Results: During the analysis by RNA-Seq of the transcriptome for L. major Friedlin strain, 163,714 reads could not be aligned with the reference genome. Thus, de novo assembly with these reads was carried out and the resulting contigs were further analyzed. After detailed homology searches using available databases, it was postulated that 15 contigs might correspond to genomic sequences lost during the initial genome assembly of the L. major Friedlin strain. This was experimentally confirmed by PCR amplification, cloning and sequencing of the new genomic regions. As a result, we have identified seven regions of the L. major (Friedlin) genome that were lost during the sequence assembly. This led to the uncovering of six new genes (LmjF.15.1475, LmjF.15.0285, LmjF.24.0765, LmjF.14.0860, LmjF.19.0305, and LmjF.27.2035), and correction of the annotation for two others (LmjF.15.1480 and LmjF.27.2030).
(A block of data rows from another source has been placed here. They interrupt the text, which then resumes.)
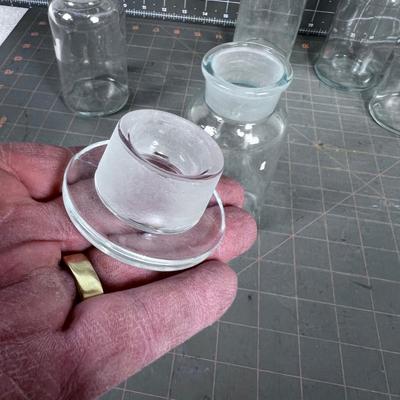 Apothecary Bottles (5) with 4 Stoppers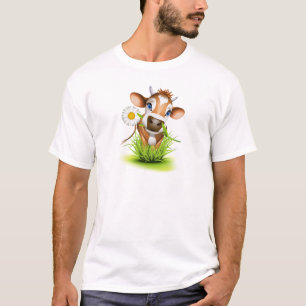 Jersey-Kuh im Gras T-Shirt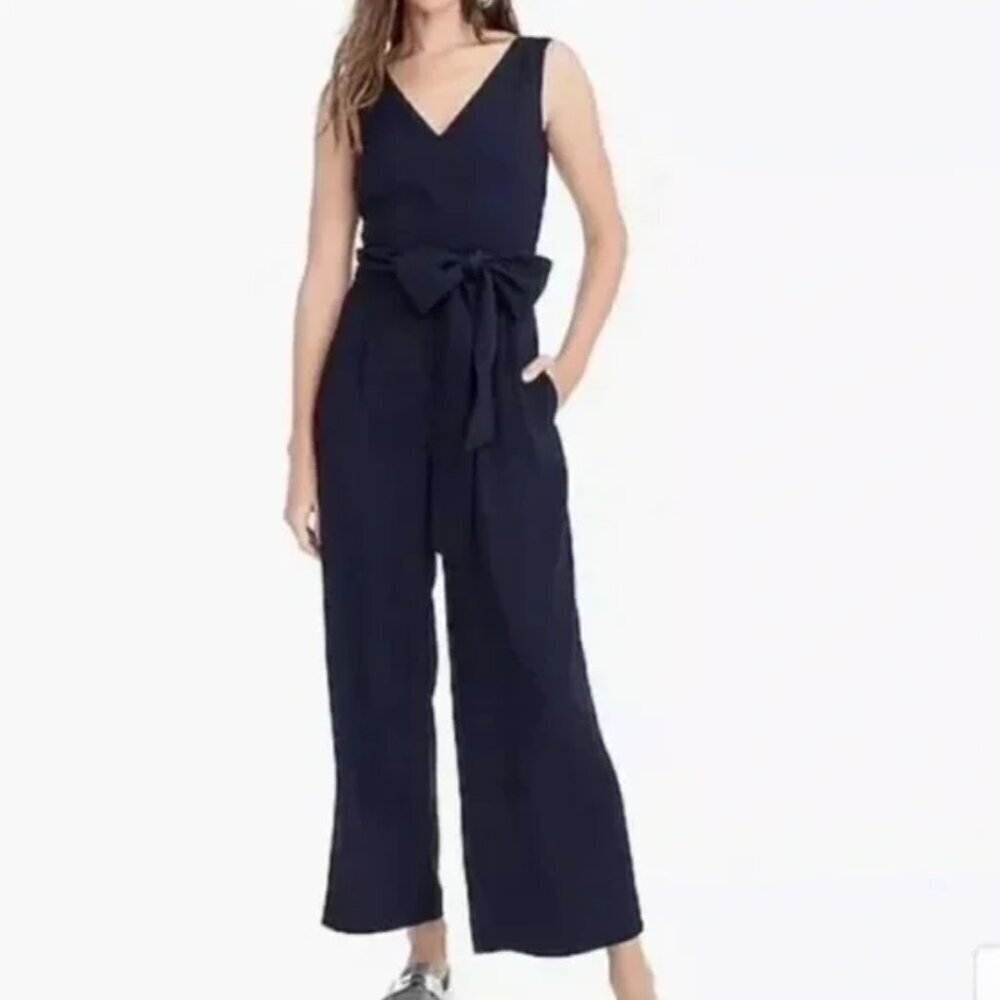 J. Crew Wrap Tie Navy Jumpsuit in Stretch Poplin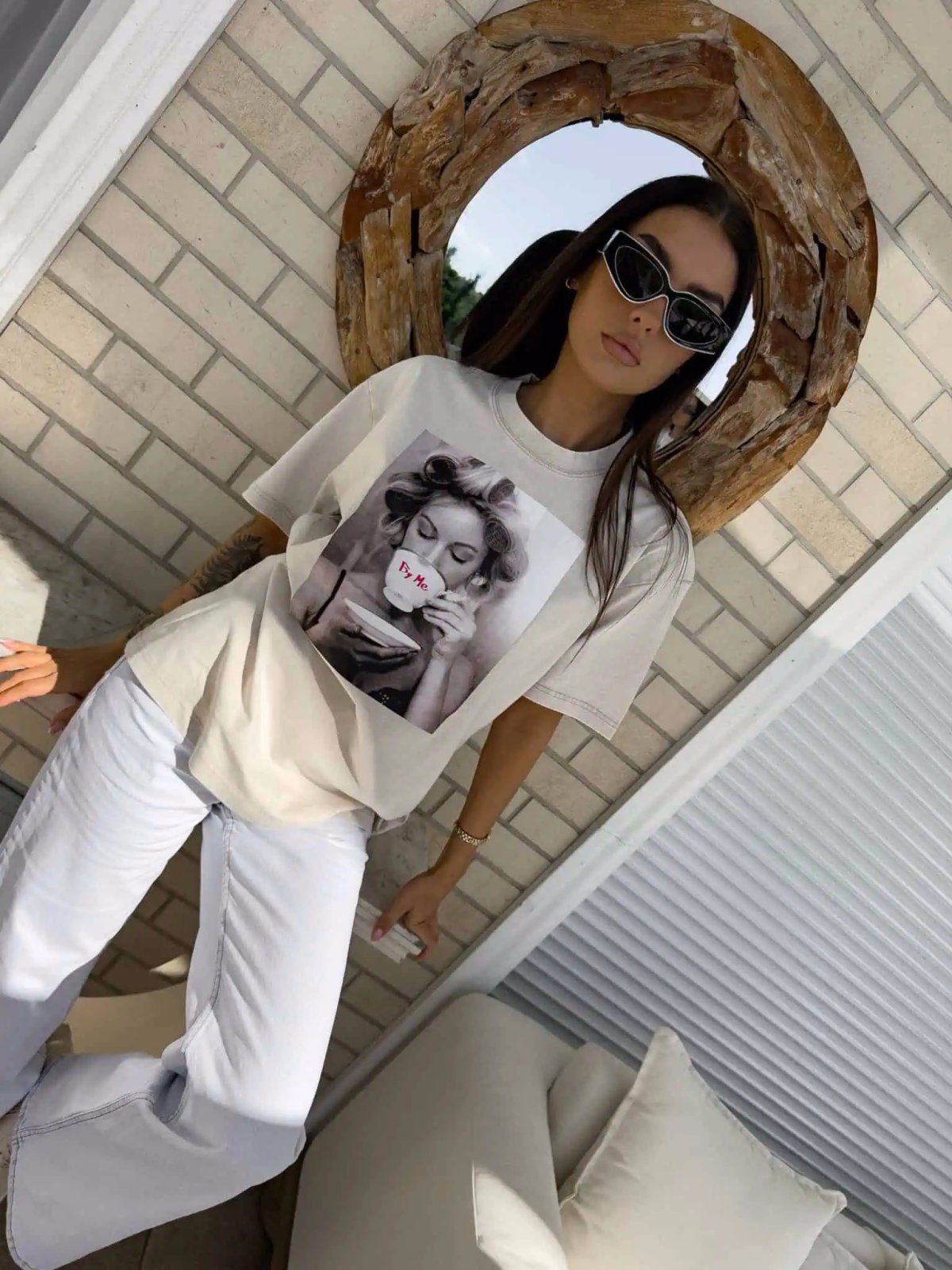 T-shirt dekatyzowany ROLLER, jasny beż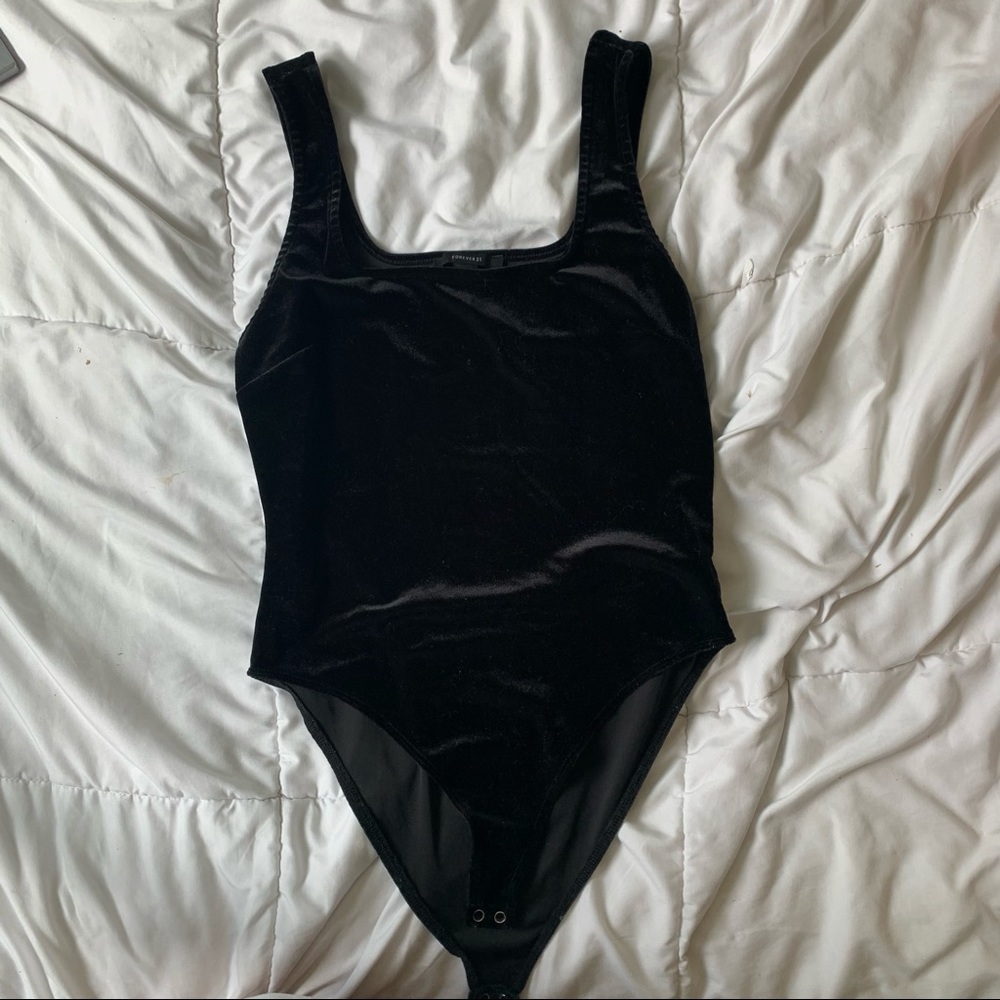 Forever 21 black velvet bodysuit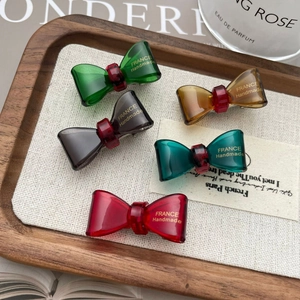 French Vintage Translucent Acetate Bow Hair Clip Handmade Bowknot Bangs Side Clip Elegant Hair Accessories For Women Teenagers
Our data suggest that these genomic regions probably collapsed during the genome assembly due to the existence of gene duplications and/or repeated regions surrounding the missed genes.
Conclusion: RNA-seq data helped to reconstruct some genomic regions misassembled during the L. major Friedlin genome assembly, which is otherwise quite robust. On the other hand, this study shows that data derived from massive sequencing approaches, including RNA-Seq, should be carefully inspected to improve current genome definition and gene annotations.